May I suggest BLAKE3 as a (very fast and collision-resistant) alternative to SHA256?
Anyway, SHA1 is known-broken (See https://shattered.io/), and real-world collision examples exist (for example two different PDFs which hash the same: https://shattered.io/)
There's also https://github.com/corkami/collisions to consider, so I'ld say MD5 is definitely out.
BTW: I have collected some of these (PDF files) collision file examples as part of a large, slowly growing, test corpus for another application and I'ld love it when default rdfind
would be safe running over such a set.
:thinking: Ultimately, "safe" would then mean we'ld have to settle for an additional final verification round where the file content is compared byte-for-byte as you can never be absolutely sure with a (cryptographically secure) hash. Ah well, performance be damned.

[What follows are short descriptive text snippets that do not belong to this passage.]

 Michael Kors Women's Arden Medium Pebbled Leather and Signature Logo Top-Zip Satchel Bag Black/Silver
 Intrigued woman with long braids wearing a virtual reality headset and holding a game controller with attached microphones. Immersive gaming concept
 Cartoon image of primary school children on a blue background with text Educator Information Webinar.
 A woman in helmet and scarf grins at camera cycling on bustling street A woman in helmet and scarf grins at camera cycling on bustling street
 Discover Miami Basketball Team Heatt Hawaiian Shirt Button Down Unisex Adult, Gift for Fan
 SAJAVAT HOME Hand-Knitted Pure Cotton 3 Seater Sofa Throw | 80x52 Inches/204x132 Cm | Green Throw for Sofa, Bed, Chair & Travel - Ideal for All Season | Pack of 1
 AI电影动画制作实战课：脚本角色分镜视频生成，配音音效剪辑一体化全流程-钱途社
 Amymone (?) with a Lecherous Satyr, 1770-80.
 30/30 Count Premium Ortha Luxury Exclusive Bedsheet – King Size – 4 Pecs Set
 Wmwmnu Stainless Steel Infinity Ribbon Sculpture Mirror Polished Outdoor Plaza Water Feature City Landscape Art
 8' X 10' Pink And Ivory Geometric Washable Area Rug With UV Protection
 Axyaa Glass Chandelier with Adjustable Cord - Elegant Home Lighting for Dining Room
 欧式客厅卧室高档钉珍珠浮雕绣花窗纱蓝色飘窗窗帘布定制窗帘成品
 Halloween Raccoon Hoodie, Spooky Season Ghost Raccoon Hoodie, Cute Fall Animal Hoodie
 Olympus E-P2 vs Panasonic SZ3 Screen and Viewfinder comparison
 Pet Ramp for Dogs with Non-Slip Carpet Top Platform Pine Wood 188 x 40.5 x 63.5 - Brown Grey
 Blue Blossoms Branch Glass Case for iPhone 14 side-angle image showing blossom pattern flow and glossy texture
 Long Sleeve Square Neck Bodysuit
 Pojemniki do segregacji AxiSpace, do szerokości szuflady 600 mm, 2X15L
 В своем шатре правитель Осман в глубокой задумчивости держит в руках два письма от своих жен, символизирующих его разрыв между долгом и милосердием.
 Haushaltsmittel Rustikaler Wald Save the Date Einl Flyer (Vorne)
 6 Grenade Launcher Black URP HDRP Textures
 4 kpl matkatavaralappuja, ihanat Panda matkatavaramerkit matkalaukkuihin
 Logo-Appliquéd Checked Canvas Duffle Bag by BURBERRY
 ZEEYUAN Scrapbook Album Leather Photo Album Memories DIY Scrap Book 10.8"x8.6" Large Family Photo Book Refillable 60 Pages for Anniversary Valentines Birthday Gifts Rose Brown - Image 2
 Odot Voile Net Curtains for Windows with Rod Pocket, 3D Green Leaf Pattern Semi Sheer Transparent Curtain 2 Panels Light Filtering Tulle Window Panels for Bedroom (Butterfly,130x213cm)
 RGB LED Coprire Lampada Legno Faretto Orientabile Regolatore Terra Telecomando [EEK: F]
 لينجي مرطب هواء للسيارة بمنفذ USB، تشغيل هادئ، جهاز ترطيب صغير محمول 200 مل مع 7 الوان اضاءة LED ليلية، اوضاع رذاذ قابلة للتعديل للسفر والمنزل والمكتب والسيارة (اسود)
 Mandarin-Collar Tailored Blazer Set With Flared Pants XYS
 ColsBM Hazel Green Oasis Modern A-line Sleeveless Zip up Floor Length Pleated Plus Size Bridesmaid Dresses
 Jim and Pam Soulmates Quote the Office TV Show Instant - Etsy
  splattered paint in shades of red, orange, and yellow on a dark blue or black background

Surely SHA256 has been tested and investigated quite thoroughly (BLAKE3 to a lesser extent), so the chances of that happening with SHA256 are astronomically thin, but then my paranoid brain thinks of Sir Pratchett (✝RIP): a million-to-one chance succeeds nine times out of ten so better safe then sorry for the paranoid = file content comparison. :smile:
I've attempted to read the code and haven't found a part that reads and compares 2 full files. So the determination of duplicates is seemed to be done only based on checksums (similarly as ZFS dedup=on), but not on contents (ZFS dedup=verify), is that correct?